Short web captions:
◆ ◆ ◆ ◆

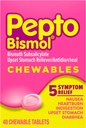 Nausea, Heartburn, Indigestion, Upset Stomach 및 Diarrhea를 위한 Pepto Bismol Chewable 정제 - 5개의 증상 빠른 기복, 본래 풍미, 48 ct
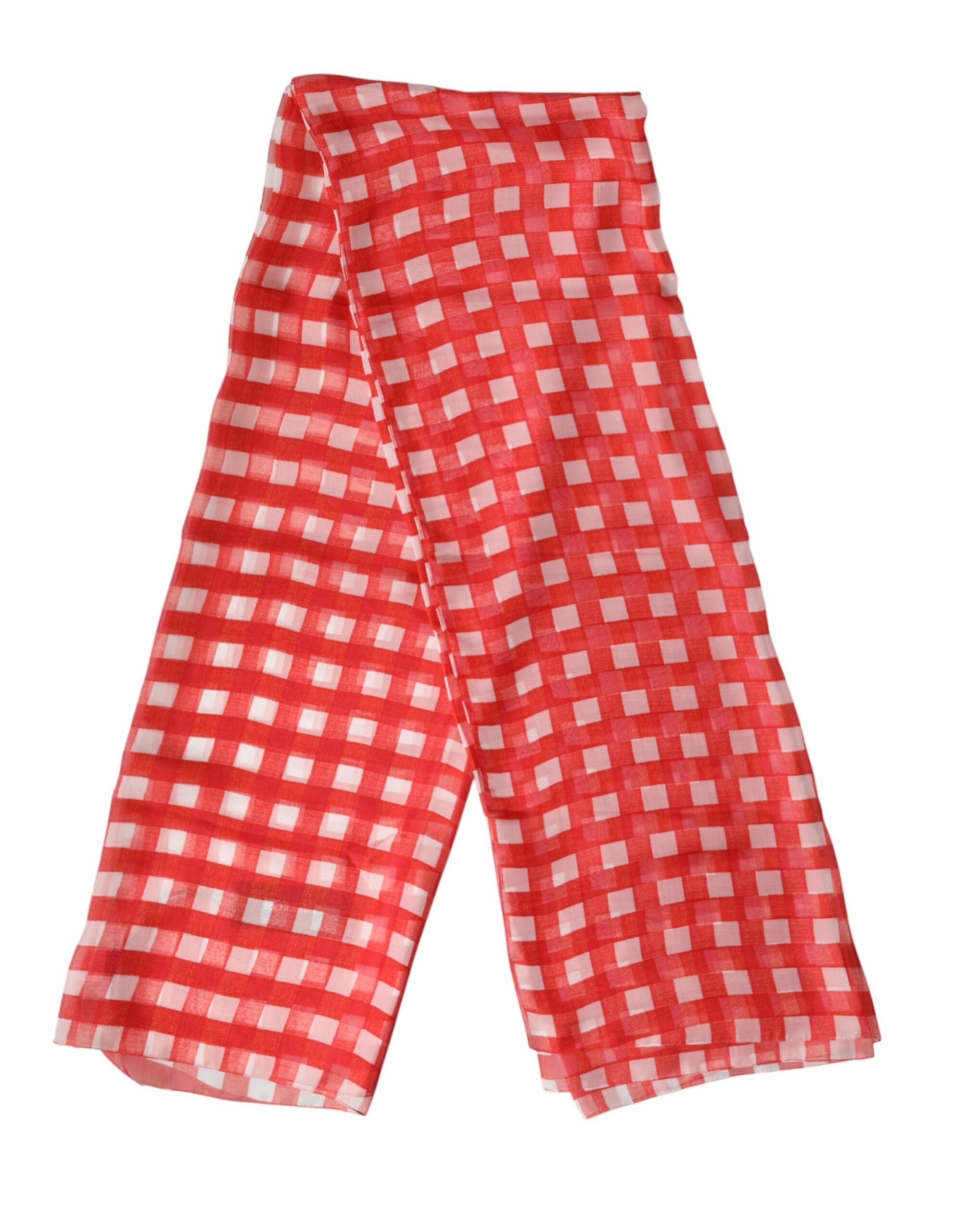 Dolce & Gabbana Red Checkered Stole Neck Wrap Shawl Scarf Dolce & Gabbana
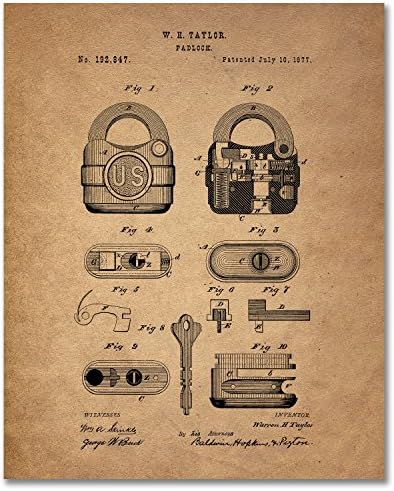 Locksmith Patent Prints - Conjunto de 4 fotos decoração de parede vintage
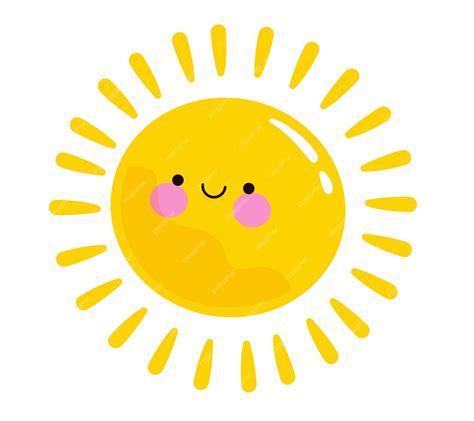 Premium Vector Cute Cartoon Smiling Sun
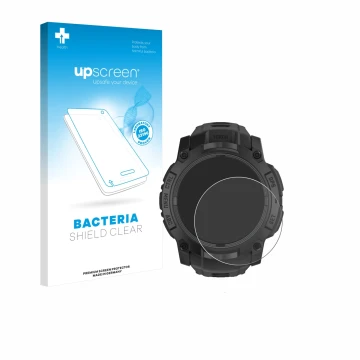Parte frontale di una confezione del prodotto con il logo del marchio upscreen. Accanto è raffigurato il dispositivo Garmin In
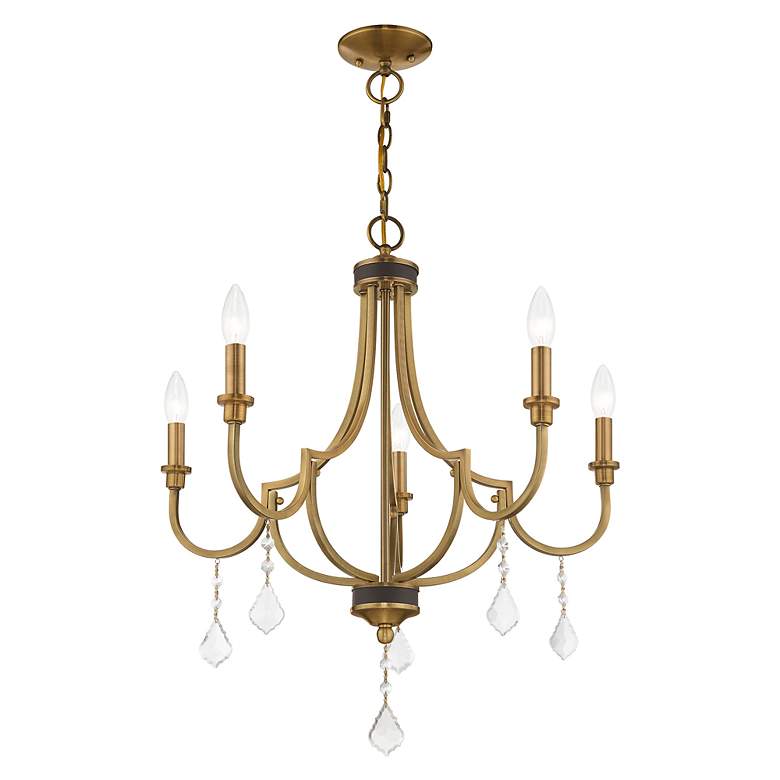 Image 6 Livex Glendale 24 1/2" Wide Antique Brass 5-Light Chandelier more views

◆ ◆ ◆ ◆

## What this task involves
Exact duplicates of all the entries are required, and no image may appear in them.

## Your solution
 Nausea, Heartburn, Indigestion, Upset Stomach 및 Diarrhea를 위한 Pepto Bismol Chewable 정제 - 5개의 증상 빠른 기복, 본래 풍미, 48 ct
 Dolce & Gabbana Red Checkered Stole Neck Wrap Shawl Scarf Dolce & Gabbana
 Locksmith Patent Prints - Conjunto de 4 fotos decoração de parede vintage
 Premium Vector Cute Cartoon Smiling Sun
Parte frontale di una confezione del prodotto con il logo del marchio upscreen. Accanto è raffigurato il dispositivo Garmin In
 Image 6 Livex Glendale 24 1/2" Wide Antique Brass 5-Light Chandelier more views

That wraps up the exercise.